I want to point the source of this controversy with one more example:
You need eggs, cheese, bread. # ok You need ,eggs ,cheese ,bread. # sucks You need a) eggs b) cheese c) bread. # ok You need 1. eggs 2. cheese 3. bread. # ok You need ・eggs ・cheese ・bread. # ok
So complains are not because delimiter-first looks wrong - in fact, it is common. It is about commas being used as leading elements, not trailing - a lesson to remember.
Both argument 1) and 2) pinpoint reasons why things the way they are: habit and tools. But different code examples (SQL examples by Felipe Hopfa and JS examples by Isaac Z. Schlueter) show benefits of delimiter-first.
I expected to find in discussions some code examples where delimiter-last is better, but I didn’t.
Later addition: haskell community adopted leading commas in many projects, because trailing commas were not supported at first. Later haskell got support for trailing, but now majority votes for advantages of leading commas.
Is ‘delimiter’ a right word?
Delimiter (just as separator) separates items. Though there is no consensus about it.
E.g. in [ 1, 2, 3 ]
we have a sequence of tokens:
start item delimiter item delimiter item end
[ 1 , 2 , 3 ]
So what I’m arguing for is having a start-of-item token.
Like this: ・1 ・2 ・3
.
Do we need to point an end of last token? As we’ll see next, that’s usually not the case.
We have a special word for end-of-item token: terminator, but no startinator or any similar word.
I see some irony in this.
(update: find some interesting thoughts I received about this in the comments section)
Meanwhile, I keep using the word ‘delimiter’ (albeit it’s maybe incorrect)
Collections in HTML
Different markup languages give some food for thought, as they commonly deal with collections.
E.g. html allows using start-of-item (<li>
) and skipping end-of-item (</li>
)
<ul>
<li> first item
<li> second item
</ul>
Collections in YAML
Yaml, which focuses on a hierarchy of collections, also uses a delimiter-first approach.
- point 1
- point 1.1
- point 1.2
- point 1.2.1
- point 1.2.2
- point 1.3
- point 2
Let me reinterpret this example. This reinterpretation is important in further discussion.

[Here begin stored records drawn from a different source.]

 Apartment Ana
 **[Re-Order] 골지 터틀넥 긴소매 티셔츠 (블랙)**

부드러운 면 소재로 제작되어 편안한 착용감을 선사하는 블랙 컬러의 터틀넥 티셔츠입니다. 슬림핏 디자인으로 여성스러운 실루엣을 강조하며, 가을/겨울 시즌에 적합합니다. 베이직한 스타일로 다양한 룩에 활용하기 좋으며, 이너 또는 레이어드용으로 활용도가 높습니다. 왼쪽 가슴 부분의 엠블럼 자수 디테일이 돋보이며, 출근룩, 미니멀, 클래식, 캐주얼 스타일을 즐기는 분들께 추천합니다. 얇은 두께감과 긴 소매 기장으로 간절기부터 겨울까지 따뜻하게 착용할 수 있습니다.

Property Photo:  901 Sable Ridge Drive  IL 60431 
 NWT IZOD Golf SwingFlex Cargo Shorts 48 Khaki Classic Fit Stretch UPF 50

There are 3 delimiters: \n-
, \n__-
and \n____-
(underscore = whitespace).
All three delimiters are distinct, and the whole structure now reads as
1point 1 2point 1.1 2point 1.2 3point 1.2.1 3point 1.2.2 2point 1.3 1point 2
No end token needed in yaml: the last item ends when a collection ends, i.e. at a delimiter of higher level.

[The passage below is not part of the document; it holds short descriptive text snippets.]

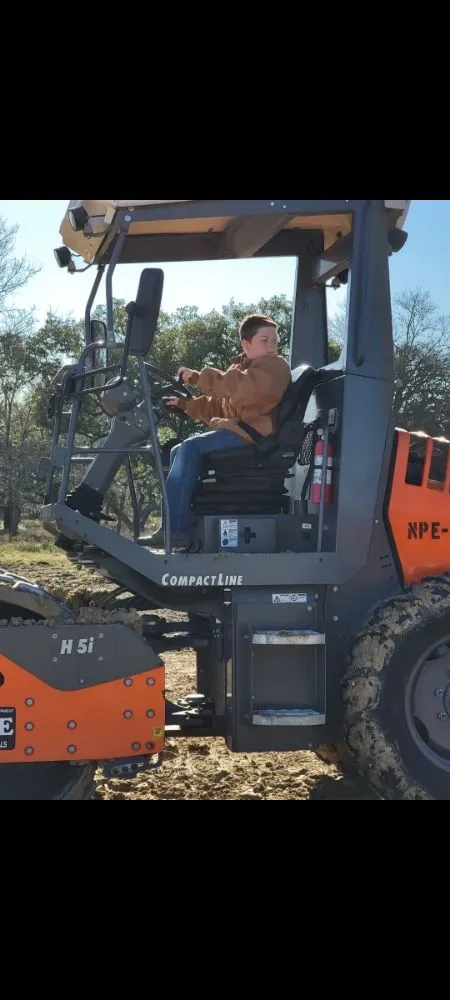 Trusted garden landscaping in La Vernia, TX - K And B Contractors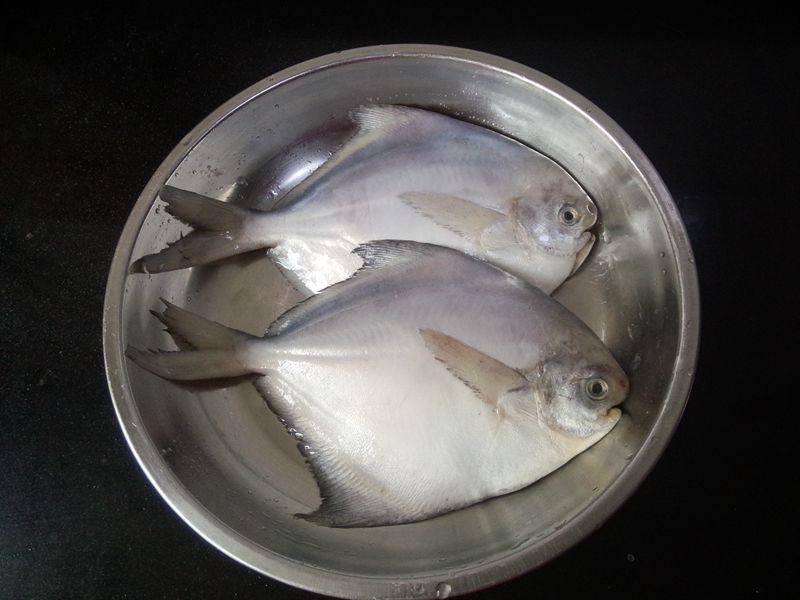 椒盐银鲳鱼步骤1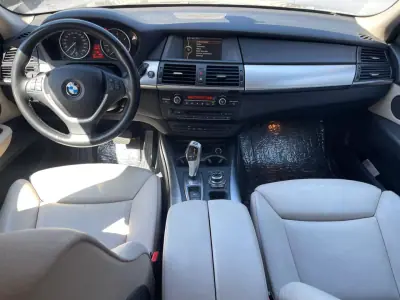 BMW X5 2011 - 18000 EUR, 256000 km - AUTO.MOTO.pt - 256000km - foto 11 de 14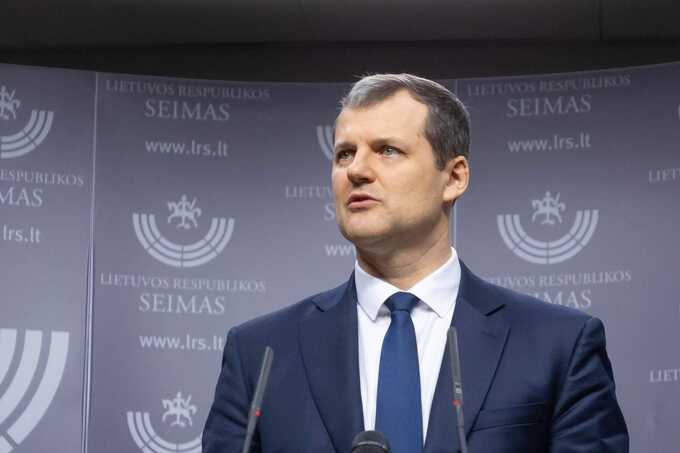 Lithuanian prosecutors accuse ex-prime minister of acquiring assets with unexplained income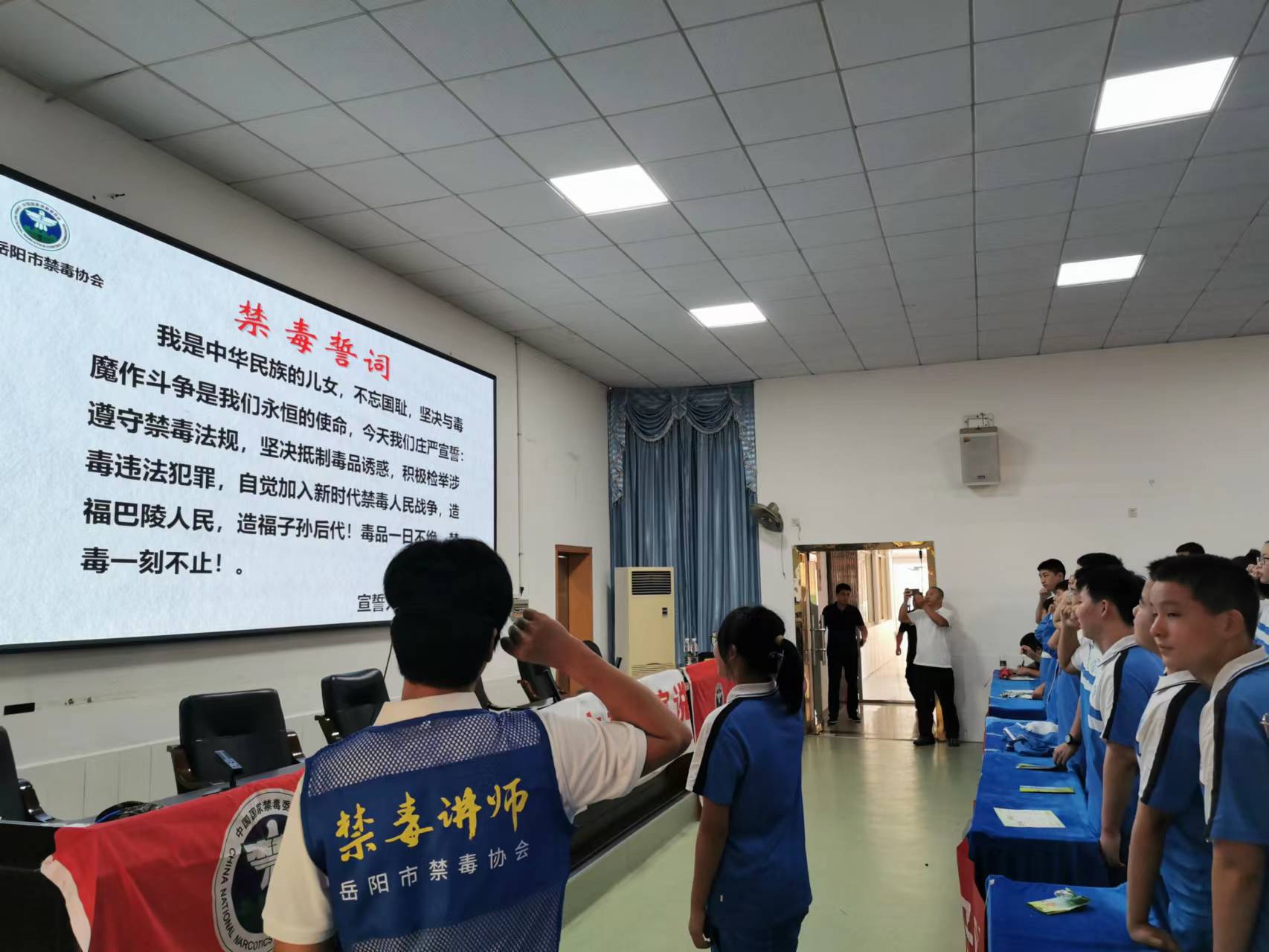 9月15日新站社区在十二中开展“警惕依托咪酯、笑气等新型毒品,拒绝电子烟”知识讲座活动 (1).jpg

There is no need to know or parse anything about an internal structure between two
Correspondingly, the only expectation we have from contents enclosed between <lvl2>
is
that there are no tokens <lvl1>
or <lvl2>
and that’s it.
Intermediate conclusion: delimiter-first is very common, and in markup languages it is even standard (but not in programing languages!)
Line should start from \n
, not end with it
This sounds mad (after many years of programming it just should), but see for yourself:
Let's assume I've had some very long text ending here.
Chapter 2.
Let's learn about belonging of indentation elements to logical elements.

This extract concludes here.